#### Assignment:
Exact copies of the line with "Hey guys, it's" and of all lines after it through the end of the entries are required, and no other lines.

(Extracted records)

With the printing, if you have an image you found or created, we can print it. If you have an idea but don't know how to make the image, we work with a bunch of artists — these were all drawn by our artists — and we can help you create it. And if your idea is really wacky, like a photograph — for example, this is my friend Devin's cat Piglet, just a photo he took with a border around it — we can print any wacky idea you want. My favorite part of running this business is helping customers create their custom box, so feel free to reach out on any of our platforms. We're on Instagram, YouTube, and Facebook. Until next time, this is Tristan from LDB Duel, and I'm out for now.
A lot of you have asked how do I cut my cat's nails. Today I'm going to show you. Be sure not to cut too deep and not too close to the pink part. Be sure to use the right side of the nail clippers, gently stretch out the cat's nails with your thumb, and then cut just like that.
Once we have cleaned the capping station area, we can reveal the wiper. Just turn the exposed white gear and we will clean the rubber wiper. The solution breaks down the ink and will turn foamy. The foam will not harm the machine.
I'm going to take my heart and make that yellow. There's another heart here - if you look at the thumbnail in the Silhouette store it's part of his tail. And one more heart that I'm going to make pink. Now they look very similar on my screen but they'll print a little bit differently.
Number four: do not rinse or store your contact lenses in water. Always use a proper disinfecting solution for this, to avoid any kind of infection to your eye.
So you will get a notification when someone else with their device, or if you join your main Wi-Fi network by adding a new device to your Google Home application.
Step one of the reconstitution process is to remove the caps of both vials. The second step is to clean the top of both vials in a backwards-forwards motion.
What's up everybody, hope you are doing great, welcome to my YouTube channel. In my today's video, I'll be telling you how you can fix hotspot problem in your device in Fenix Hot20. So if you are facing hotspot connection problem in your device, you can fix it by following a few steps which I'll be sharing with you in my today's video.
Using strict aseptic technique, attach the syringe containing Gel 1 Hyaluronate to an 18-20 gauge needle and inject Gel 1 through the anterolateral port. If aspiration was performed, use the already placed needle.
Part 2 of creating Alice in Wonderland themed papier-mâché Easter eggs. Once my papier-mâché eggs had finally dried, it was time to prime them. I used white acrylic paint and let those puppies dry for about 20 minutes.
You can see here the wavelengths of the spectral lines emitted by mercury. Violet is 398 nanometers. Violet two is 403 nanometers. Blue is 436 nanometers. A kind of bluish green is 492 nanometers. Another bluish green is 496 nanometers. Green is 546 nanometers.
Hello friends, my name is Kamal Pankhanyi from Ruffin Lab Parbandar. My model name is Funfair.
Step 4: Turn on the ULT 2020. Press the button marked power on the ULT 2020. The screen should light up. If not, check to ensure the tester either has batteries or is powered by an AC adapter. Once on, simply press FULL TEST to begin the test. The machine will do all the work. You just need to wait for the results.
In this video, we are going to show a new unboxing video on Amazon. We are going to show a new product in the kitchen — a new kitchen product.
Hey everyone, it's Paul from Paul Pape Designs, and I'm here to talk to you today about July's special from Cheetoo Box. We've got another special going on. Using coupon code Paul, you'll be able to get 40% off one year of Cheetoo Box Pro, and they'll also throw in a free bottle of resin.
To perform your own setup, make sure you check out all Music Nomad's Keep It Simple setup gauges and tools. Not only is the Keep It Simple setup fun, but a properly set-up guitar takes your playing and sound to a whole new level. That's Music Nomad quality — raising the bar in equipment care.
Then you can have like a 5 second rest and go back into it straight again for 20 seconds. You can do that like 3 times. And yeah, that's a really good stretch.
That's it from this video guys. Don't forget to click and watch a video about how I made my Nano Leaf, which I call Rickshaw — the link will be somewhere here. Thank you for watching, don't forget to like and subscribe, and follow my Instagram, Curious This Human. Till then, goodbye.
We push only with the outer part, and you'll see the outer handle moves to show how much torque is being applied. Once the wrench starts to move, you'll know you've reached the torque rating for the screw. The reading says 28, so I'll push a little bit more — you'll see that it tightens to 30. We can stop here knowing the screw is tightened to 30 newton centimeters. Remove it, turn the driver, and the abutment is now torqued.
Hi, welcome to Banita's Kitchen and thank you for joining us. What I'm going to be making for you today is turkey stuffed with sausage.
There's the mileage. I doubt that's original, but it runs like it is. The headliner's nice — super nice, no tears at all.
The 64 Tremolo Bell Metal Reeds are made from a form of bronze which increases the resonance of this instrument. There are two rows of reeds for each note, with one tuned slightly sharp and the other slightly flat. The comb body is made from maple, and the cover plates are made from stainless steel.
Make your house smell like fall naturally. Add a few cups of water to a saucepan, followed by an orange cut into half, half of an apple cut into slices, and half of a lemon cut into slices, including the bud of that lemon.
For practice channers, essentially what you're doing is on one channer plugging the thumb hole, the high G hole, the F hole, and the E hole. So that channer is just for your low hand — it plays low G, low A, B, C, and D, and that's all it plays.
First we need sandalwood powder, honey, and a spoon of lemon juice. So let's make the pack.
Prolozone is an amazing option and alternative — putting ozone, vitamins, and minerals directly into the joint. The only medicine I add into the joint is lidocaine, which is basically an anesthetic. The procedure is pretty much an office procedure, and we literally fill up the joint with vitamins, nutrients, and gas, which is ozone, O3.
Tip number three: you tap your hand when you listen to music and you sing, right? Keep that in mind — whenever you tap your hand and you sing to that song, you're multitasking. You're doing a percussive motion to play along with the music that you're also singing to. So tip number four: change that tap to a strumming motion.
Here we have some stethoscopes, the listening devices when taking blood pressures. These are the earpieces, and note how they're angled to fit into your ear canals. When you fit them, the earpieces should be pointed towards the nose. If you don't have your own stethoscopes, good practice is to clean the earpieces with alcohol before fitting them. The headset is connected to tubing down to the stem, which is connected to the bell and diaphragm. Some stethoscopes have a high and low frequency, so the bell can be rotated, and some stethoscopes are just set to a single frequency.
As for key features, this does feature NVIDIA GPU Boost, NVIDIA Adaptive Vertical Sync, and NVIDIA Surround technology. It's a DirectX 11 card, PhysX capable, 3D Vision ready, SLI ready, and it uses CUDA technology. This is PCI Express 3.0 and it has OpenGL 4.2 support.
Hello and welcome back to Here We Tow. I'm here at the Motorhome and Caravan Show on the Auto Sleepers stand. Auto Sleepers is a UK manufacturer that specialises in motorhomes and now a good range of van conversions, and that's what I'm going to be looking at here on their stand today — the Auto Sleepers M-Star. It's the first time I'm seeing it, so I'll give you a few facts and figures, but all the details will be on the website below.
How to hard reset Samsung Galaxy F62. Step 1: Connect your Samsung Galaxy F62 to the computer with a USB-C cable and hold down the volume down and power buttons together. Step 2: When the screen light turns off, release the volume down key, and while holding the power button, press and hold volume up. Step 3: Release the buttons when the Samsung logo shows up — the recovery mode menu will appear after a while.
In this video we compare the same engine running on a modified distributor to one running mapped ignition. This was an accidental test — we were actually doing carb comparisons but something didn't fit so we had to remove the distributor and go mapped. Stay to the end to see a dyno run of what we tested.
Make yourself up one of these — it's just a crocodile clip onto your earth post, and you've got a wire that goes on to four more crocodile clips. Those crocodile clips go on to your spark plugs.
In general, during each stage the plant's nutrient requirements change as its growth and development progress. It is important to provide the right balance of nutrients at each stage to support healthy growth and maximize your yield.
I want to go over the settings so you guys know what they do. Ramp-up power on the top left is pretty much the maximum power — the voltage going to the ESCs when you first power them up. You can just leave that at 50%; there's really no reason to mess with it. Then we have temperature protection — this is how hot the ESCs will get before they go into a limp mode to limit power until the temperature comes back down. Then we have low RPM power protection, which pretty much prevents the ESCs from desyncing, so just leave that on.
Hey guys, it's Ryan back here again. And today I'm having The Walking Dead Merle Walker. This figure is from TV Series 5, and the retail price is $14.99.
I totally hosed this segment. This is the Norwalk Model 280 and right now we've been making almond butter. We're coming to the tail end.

#### Answer space:
Hey guys, it's Ryan back here again. And today I'm having The Walking Dead Merle Walker. This figure is from TV Series 5, and the retail price is $14.99.
I totally hosed this segment. This is the Norwalk Model 280 and right now we've been making almond butter. We're coming to the tail end.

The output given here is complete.